*** Opening DATASET CONTENT ***

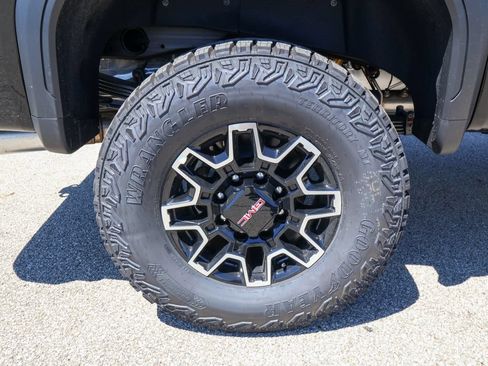 New 2026 GMC Sierra 2500 AT4X w/ LPO, Black Badging Package AWD/4WD image 35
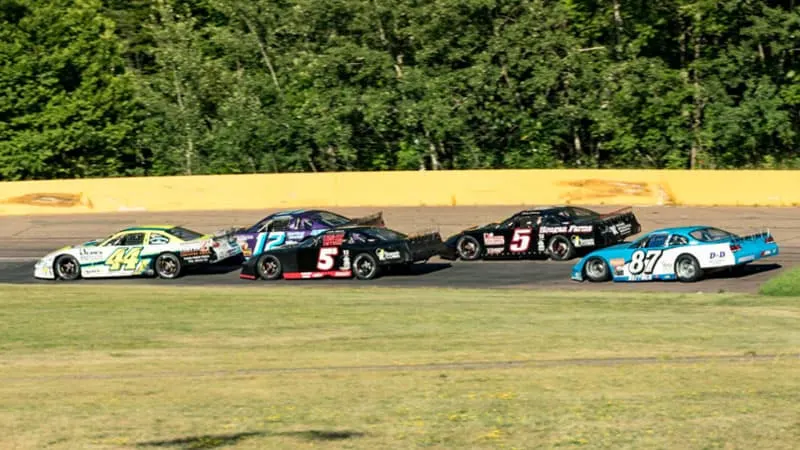 Cool Things to do in Northern Wisconsin, Car race at State Park Speedway in Wausau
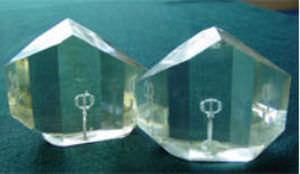 Cristallo di Titanilfosfato di Potassio KTiOPO4 KTP - Changchun New Industries Optoelectronics Tech.Co.,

*** Closing DATASET CONTENT ***

[TRY IT] What the answer must hold is the exact text of every line from the one containing "Cool Things to" through the end of the data, minus any pictures.

[THE ANSWER]
 Cool Things to do in Northern Wisconsin, Car race at State Park Speedway in Wausau
 Cristallo di Titanilfosfato di Potassio KTiOPO4 KTP - Changchun New Industries Optoelectronics Tech.Co.,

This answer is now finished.